The annual reports are evaluated for the effectiveness of the company’s procedures in addressing identity theft risks. Material changes may need to be recommended, such as how MLOs review applications or what types of activities and documents are deemed suspicious by their written checklists. [16 CFR §681, Appendix A(VI)(b)]

To assess whether changes are needed, an MLO is encouraged to consider:

  • their experiences with identity theft;
  • changes in methods of identity theft and its detection, prevention and mitigation;
  • changes in the types of mortgages the MLO offers or maintains; and
  • changes in the business arrangements of the credit, including mergers, acquisitions, joint ventures and service provider arrangements (e.g. transitioning the credit to a warehouse line). [16 CFR §681, Appendix A(V)]

Further, management of the written program requires oversight of service providers used to perform activities in connection with a mortgage to ensure they are also compliant with the Red Flags Rule. This includes credit-checking services, contract processors, notaries and document storage companies. [16 CFR §681, Appendix A(VI)(c)]

For example, an MLO may require a service provider, by contract, to implement policies for detecting signs of fraud encountered during the service provider’s activities and reporting them to the MLO or mitigating identity theft themselves.

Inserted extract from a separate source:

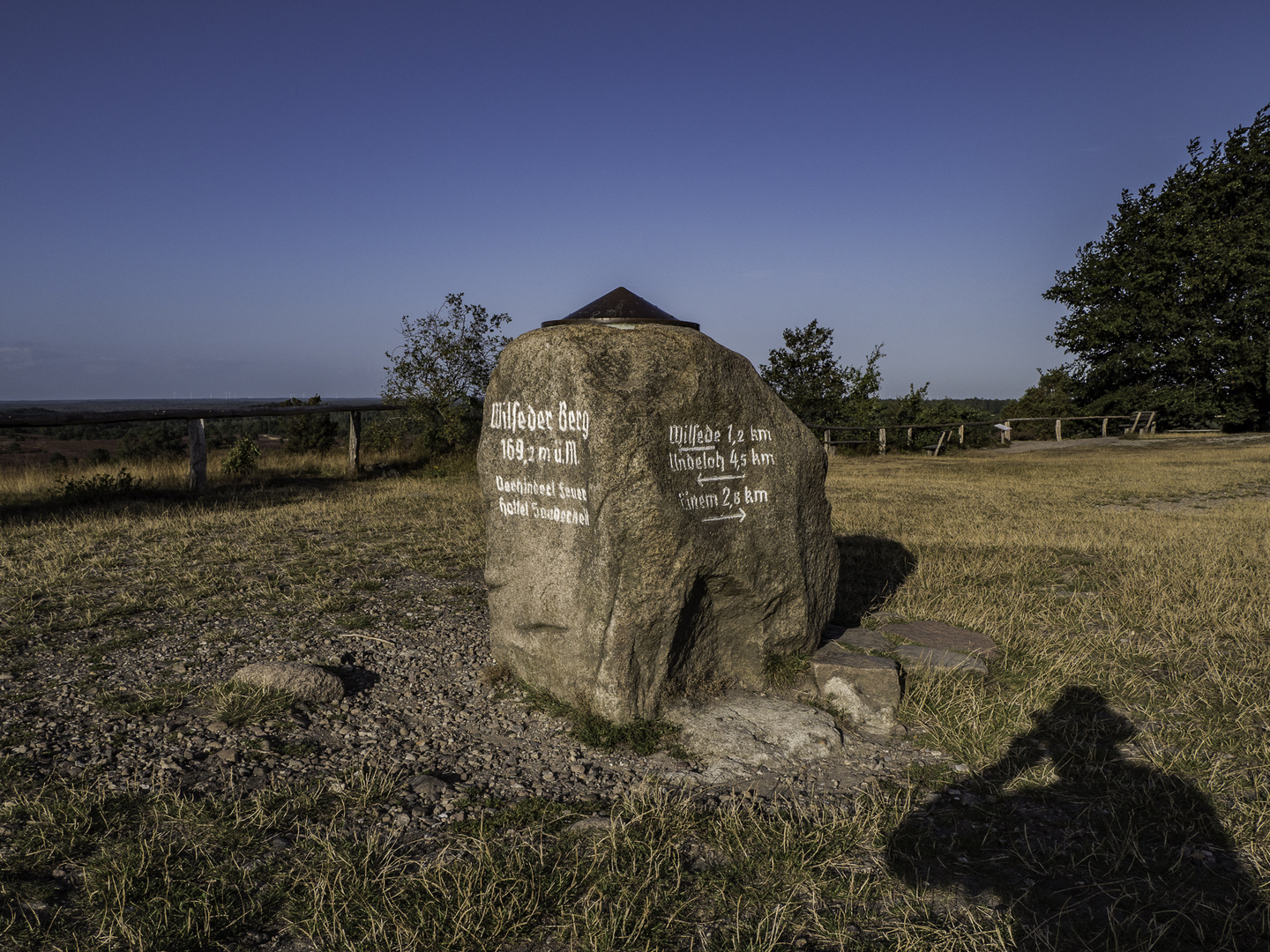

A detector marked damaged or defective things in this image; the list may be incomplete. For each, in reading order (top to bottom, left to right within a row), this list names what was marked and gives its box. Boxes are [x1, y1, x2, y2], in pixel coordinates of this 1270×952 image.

rusty metal cap [541, 286, 700, 332]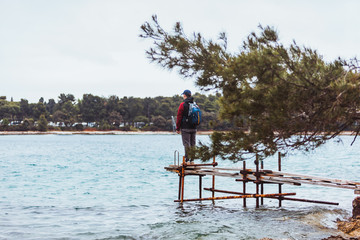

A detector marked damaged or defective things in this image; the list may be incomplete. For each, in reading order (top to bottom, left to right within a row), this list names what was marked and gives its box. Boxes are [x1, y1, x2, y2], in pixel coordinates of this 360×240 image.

rusty pier [166, 154, 360, 206]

Penalties for noncompliance

When an MLO company fails to comply with the Red Flags Rule, the FTC has the authority to:

  • investigate the person or business in violation;
  • enforce compliance through issuing procedural rules for detecting suspicious activity; and
  • require the filing of reports, the production of documents and the appearance of witnesses. [15 USC §1681s(a)(a)]

Further, the FTC may commence a civil action against those in violation to recover civil penalties of up to $2,500 per violation. [15 USC §1681s(a)(2)(A)]

In determining the amount of a civil penalty, the court considers the degree of the violation, any history of similar prior conduct, ability to pay and effects on the ability to continue to do business. [15 USC §1681s(a)(2)(B)]

California’s mortgage professionals are an important safety resource for homebuyers. Highlighting your strict compliance with the Red Flags Rule bolsters your clients’ trust that their information is safe with you.